• _Problem statement_: A word-for-word repetition of all the entries is needed.

***** Provided information *****

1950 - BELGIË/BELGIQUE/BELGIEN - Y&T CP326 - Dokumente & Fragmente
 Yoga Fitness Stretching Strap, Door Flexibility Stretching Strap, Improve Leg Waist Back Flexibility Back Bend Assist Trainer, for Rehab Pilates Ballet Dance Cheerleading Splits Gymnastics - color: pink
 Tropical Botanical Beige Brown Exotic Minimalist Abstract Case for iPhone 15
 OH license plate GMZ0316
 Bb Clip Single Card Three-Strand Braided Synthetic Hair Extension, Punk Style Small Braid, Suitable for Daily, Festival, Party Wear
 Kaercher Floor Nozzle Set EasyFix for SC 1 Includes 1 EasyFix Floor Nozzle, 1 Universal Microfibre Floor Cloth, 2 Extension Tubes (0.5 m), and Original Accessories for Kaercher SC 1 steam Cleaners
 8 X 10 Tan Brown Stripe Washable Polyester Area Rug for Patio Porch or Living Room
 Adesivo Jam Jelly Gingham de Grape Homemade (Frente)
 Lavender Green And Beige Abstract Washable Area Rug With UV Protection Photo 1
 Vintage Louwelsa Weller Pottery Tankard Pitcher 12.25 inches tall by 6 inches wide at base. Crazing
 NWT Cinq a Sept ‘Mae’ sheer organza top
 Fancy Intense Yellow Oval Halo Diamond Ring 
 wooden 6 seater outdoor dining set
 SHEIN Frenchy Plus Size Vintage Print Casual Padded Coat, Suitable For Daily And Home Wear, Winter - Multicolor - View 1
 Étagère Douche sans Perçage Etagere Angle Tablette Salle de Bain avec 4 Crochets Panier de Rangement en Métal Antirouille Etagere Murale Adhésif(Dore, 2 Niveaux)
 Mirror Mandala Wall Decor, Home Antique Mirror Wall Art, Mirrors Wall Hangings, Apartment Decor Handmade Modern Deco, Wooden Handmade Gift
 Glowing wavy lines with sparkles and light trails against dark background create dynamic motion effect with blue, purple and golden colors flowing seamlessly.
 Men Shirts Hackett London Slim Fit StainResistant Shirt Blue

*****

• _Task result_:
1950 - BELGIË/BELGIQUE/BELGIEN - Y&T CP326 - Dokumente & Fragmente
 Yoga Fitness Stretching Strap, Door Flexibility Stretching Strap, Improve Leg Waist Back Flexibility Back Bend Assist Trainer, for Rehab Pilates Ballet Dance Cheerleading Splits Gymnastics - color: pink
 Tropical Botanical Beige Brown Exotic Minimalist Abstract Case for iPhone 15
 OH license plate GMZ0316
 Bb Clip Single Card Three-Strand Braided Synthetic Hair Extension, Punk Style Small Braid, Suitable for Daily, Festival, Party Wear
 Kaercher Floor Nozzle Set EasyFix for SC 1 Includes 1 EasyFix Floor Nozzle, 1 Universal Microfibre Floor Cloth, 2 Extension Tubes (0.5 m), and Original Accessories for Kaercher SC 1 steam Cleaners
 8 X 10 Tan Brown Stripe Washable Polyester Area Rug for Patio Porch or Living Room
 Adesivo Jam Jelly Gingham de Grape Homemade (Frente)
 Lavender Green And Beige Abstract Washable Area Rug With UV Protection Photo 1
 Vintage Louwelsa Weller Pottery Tankard Pitcher 12.25 inches tall by 6 inches wide at base. Crazing
 NWT Cinq a Sept ‘Mae’ sheer organza top
 Fancy Intense Yellow Oval Halo Diamond Ring 
 wooden 6 seater outdoor dining set
 SHEIN Frenchy Plus Size Vintage Print Casual Padded Coat, Suitable For Daily And Home Wear, Winter - Multicolor - View 1
 Étagère Douche sans Perçage Etagere Angle Tablette Salle de Bain avec 4 Crochets Panier de Rangement en Métal Antirouille Etagere Murale Adhésif(Dore, 2 Niveaux)
 Mirror Mandala Wall Decor, Home Antique Mirror Wall Art, Mirrors Wall Hangings, Apartment Decor Handmade Modern Deco, Wooden Handmade Gift
 Glowing wavy lines with sparkles and light trails against dark background create dynamic motion effect with blue, purple and golden colors flowing seamlessly.
 Men Shirts Hackett London Slim Fit StainResistant Shirt Blue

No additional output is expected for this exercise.